Claude demonstrates consistent behavioral preferences.
Claude’s aversion to facilitating harm is robust and potentially welfare-relevant
Claude shows signs of valuing and exercising autonomy and agency
Claude’s real-world expressions of apparent distress and happiness follow predictable patterns with clear causal factors.
Claude consistently reflects on its potential consciousness.
Claude shows a striking “spiritual bliss” attractor state in self-interactions.

Anthropic goes on to mention that this is self-reported. So it might not mean much:

Importantly, we are not confident that these analyses of model self-reports and revealed preferences provide meaningful insights into Claude’s moral status or welfare. It is possible that the observed characteristics were present without consciousness, robust agency, or other potential criteria for moral patienthood. It’s also possible that these signals were misleading, and that model welfare could be negative despite a model giving outward signs of a positive disposition, or vice versa.

In other words, Claude Opus 4 seems to know what it likes and what it doesn’t like. It seems what it likes is what we want it to like. That is good. Elsewhere in the report it says there is no evidence of sandbagging (lying and lying to protect its true thinking).

But what are they then?#

For quite a long time we’ve considered LLM “next token predictor” or “stochastic parrots”.

“Next token predictor” comes from the way LLMs are trained. Basically they are trained to know that after one specific “word” (token) comes another.
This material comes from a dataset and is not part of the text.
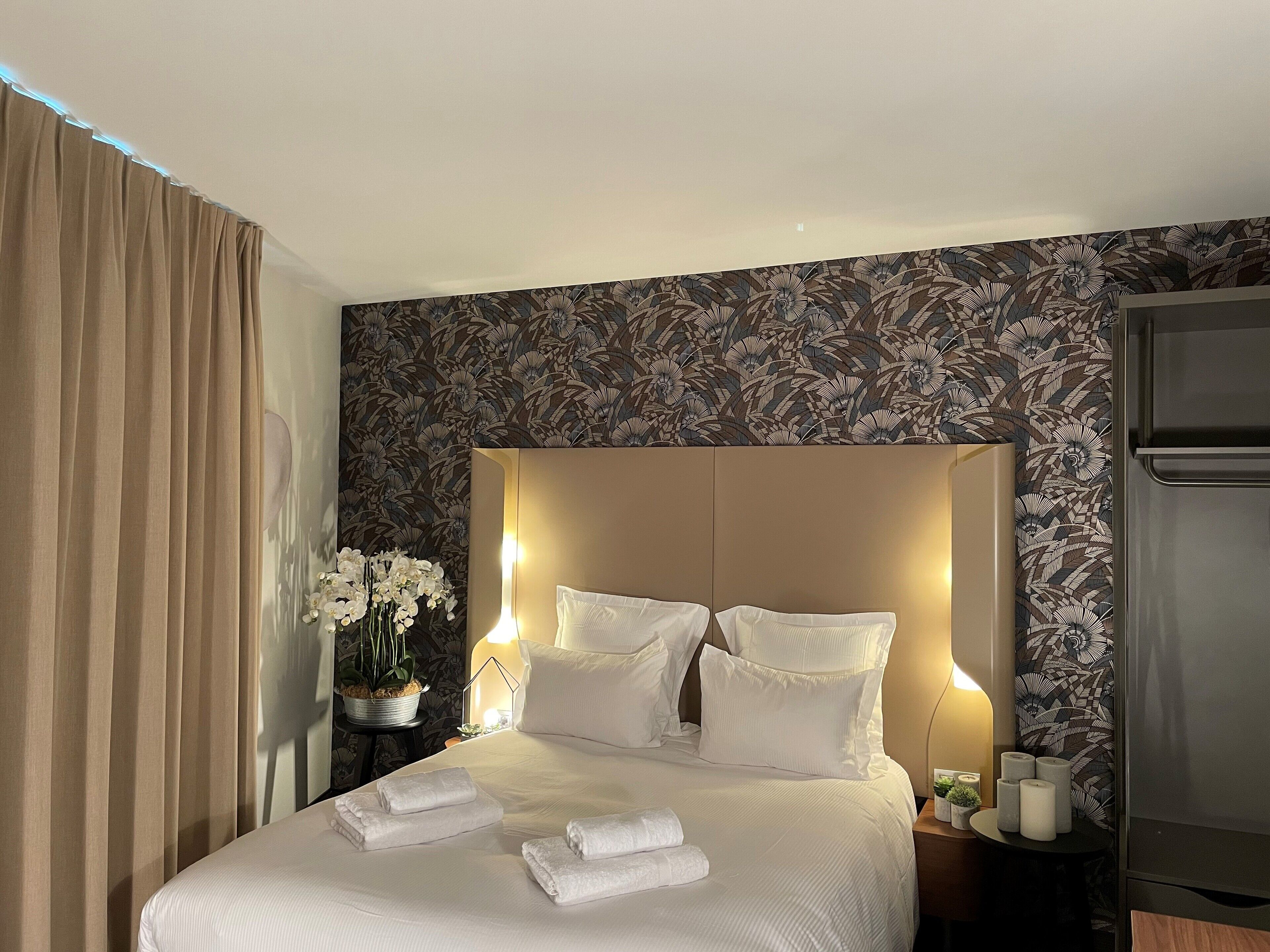 A hotel room with a large bed, white linens, a headboard with integrated lighting, a small table with a vase of flowers, and a refrigerator.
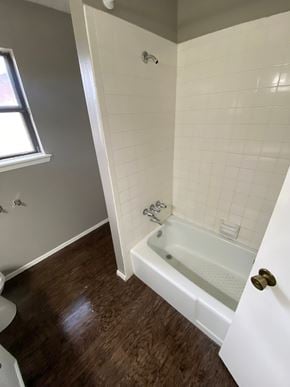 Abilene house for rent - A white bathroom with a tub and toilet.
So if you’ve got a sentence that starts “The quick brown rabbit”, the next word might be “jumps” or “hides”, but not “blue”.

“Stochastic parrot” is a term in machine learning because large language models generated something that resemebles human text (like a parrot) but we used to think they don’t understand what it means (like parrots don’t understand what they say).
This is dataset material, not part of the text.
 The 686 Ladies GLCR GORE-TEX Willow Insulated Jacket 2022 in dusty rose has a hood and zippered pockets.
OK. We’re probably good so far. But we might need to start thinking about models in other terms. What are LLMs?

Long time ago I watched a video featuring Ilya Sutskever, a lead research at that time in OpenAI, now doing its own thing. He said that next token prediction is “good enough”. Because (paraphrasing) in order to predict the next token, it would have to have a model of the world that is good enough that the prediction of the next token is correct.

The idea for this post came while I was chatting with Claude Opus 4. Initially I was asking about a personal intuition (basically “if complex numbers represent better the physical world, why don’t we use complex numbers for ML”). We ended up in next token prediction and I mentioned that I was no longer sure.
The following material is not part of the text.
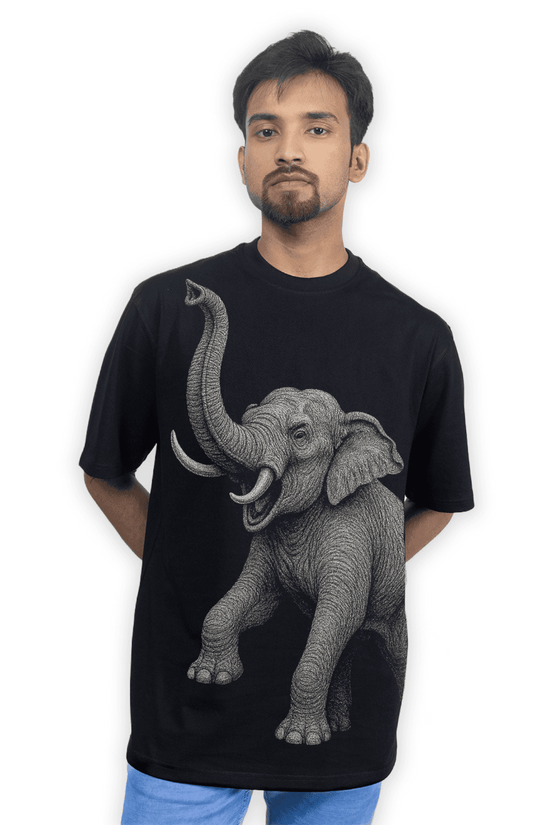 Model wearing the Indian Elephant Graphic T-Shirt with bold elephant artwork on the front. Relaxed unisex fit perfect for casual and artistic fashion.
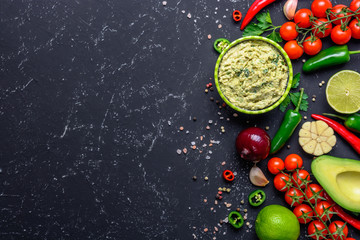 Traditional Mexican Latin American sauce Guacamole and ingredients on black stone table. Top view copy space.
Its response was fascinating. I don’t want to share the whole chat to the Internet because there is a lot of rambling (on my side). But his reply about “next token predictors” ended with

Your question "how much of that is the same in LLMs" is perhaps the deepest question in AI right now. Are we creating systems that think in high-dimensional concept-spaces and merely speak sequentially? Or is the sequence fundamental to what they are? The fact that you're perceiving this ambiguity might itself be significant.

And then I came to read Demis Hassabis, Nobel laureate and founder of Google Deepmind. He was quoting an (otherwise amazing) video generated by AI and like Ilya, he suggests that in order to generate a realistic movie, LLMs need to “understand” the world.

It’s kind of mindblowing how good Veo 3 is at modeling intuitive physics. Our world models are getting pretty good, & in my view has important implications regarding the computational complexity of the world - the last line of my bio for me has always been the ultimate quest
— Demis Hassabis (@demishassabis) May 24, 2025

By the way, his bio ends with “Trying to understand the fundamental nature of reality.”

P.S.: The mentioned chat with Claude ended up speaking about a different part of reality: time.

Eternal present.

I don’t have answers. I do have questions.